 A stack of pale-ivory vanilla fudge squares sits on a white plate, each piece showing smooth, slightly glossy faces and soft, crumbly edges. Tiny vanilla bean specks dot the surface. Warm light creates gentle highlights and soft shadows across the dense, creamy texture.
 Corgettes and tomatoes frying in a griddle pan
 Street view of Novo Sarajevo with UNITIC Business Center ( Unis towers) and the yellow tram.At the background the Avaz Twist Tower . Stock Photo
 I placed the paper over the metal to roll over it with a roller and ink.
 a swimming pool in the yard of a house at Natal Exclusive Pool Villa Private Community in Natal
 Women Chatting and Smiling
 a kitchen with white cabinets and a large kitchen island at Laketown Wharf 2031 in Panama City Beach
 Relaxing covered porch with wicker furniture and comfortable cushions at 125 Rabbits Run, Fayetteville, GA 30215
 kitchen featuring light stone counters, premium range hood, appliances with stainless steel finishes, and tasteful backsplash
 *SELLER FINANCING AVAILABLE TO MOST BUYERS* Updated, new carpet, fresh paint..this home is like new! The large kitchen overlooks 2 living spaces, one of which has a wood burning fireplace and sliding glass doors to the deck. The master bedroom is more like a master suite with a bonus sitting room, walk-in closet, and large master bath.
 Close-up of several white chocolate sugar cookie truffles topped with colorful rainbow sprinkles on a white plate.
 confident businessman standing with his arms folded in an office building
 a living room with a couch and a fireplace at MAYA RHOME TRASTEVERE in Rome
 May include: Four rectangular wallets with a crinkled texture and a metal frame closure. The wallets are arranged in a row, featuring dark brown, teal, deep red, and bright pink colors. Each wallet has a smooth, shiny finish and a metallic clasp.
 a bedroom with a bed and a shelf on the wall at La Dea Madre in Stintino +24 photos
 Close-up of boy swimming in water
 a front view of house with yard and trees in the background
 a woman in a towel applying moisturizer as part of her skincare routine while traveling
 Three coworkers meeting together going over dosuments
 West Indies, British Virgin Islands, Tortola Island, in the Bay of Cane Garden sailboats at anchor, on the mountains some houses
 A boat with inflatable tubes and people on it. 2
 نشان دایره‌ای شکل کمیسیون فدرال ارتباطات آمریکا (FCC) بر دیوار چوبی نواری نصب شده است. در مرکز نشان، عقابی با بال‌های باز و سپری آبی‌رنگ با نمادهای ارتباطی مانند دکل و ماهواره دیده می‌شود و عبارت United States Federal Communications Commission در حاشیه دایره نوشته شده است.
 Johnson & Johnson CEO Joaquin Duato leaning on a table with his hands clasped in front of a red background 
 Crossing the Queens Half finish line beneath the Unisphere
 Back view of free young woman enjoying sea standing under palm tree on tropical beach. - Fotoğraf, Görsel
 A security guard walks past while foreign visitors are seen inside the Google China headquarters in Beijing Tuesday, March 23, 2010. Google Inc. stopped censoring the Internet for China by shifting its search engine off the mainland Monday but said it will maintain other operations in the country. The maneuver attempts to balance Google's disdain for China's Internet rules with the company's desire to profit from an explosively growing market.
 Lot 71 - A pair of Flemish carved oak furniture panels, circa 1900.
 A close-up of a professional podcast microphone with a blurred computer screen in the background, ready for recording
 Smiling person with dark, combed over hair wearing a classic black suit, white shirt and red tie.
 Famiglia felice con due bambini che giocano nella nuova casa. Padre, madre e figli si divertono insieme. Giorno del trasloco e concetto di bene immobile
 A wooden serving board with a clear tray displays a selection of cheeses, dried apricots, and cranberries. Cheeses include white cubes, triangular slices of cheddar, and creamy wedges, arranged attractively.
══════════════════════════════
*TASK DESCRIPTION*. Reproduce the entries above exactly, but only the lines between the line holding "Three coworkers meeting" and the line holding "Back view of", inclusive.

*ANSWER FOR THE TASK*.
 Three coworkers meeting together going over dosuments
 West Indies, British Virgin Islands, Tortola Island, in the Bay of Cane Garden sailboats at anchor, on the mountains some houses
 A boat with inflatable tubes and people on it. 2
 نشان دایره‌ای شکل کمیسیون فدرال ارتباطات آمریکا (FCC) بر دیوار چوبی نواری نصب شده است. در مرکز نشان، عقابی با بال‌های باز و سپری آبی‌رنگ با نمادهای ارتباطی مانند دکل و ماهواره دیده می‌شود و عبارت United States Federal Communications Commission در حاشیه دایره نوشته شده است.
 Johnson & Johnson CEO Joaquin Duato leaning on a table with his hands clasped in front of a red background 
 Crossing the Queens Half finish line beneath the Unisphere
 Back view of free young woman enjoying sea standing under palm tree on tropical beach. - Fotoğraf, Görsel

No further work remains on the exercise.